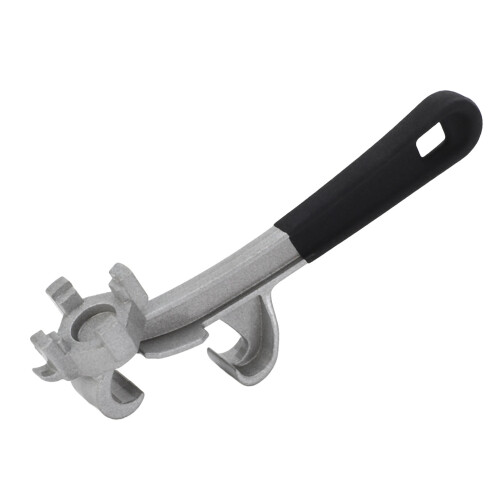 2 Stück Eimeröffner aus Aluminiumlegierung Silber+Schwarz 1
==
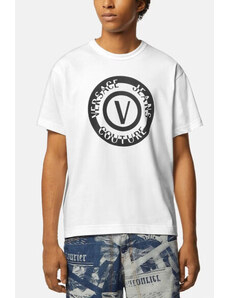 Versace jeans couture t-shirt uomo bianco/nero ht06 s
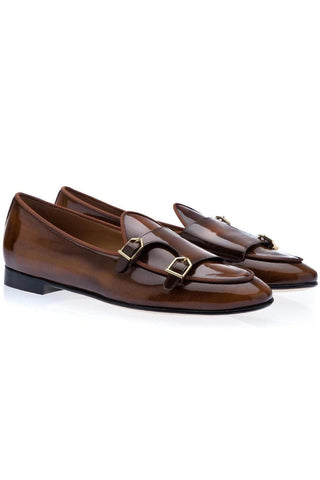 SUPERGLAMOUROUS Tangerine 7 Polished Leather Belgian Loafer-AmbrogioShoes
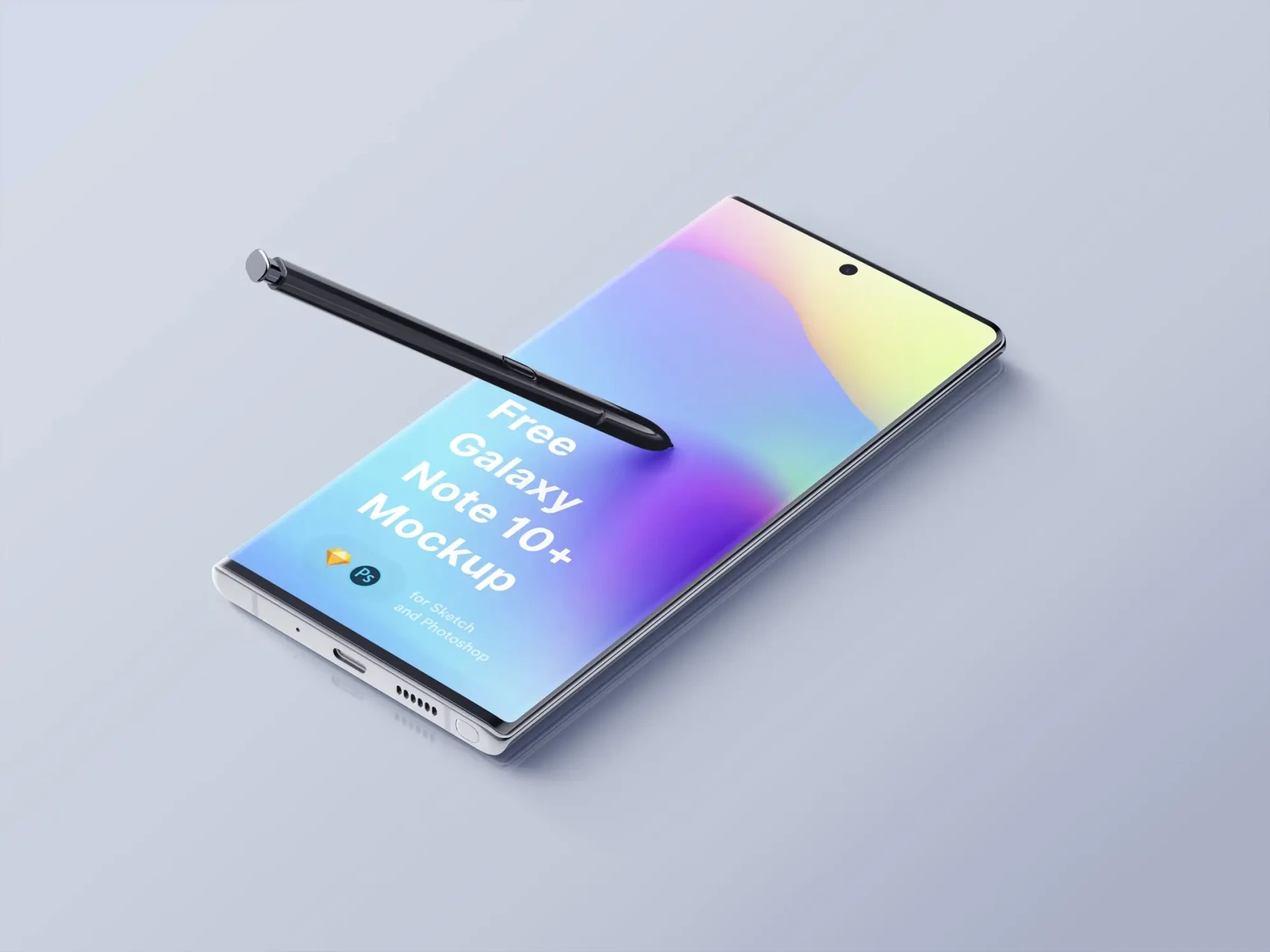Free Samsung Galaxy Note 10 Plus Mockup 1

## PROMPT
Everything between and including the line above containing "Versace jeans couture" and the line containing "Free Samsung Galaxy Note 10 Plus Mockup 1" should be reproduced exactly, with pictures excluded.

## ANSWER SPACE
 Versace jeans couture t-shirt uomo bianco/nero ht06 s
 SUPERGLAMOUROUS Tangerine 7 Polished Leather Belgian Loafer-AmbrogioShoes
Free Samsung Galaxy Note 10 Plus Mockup 1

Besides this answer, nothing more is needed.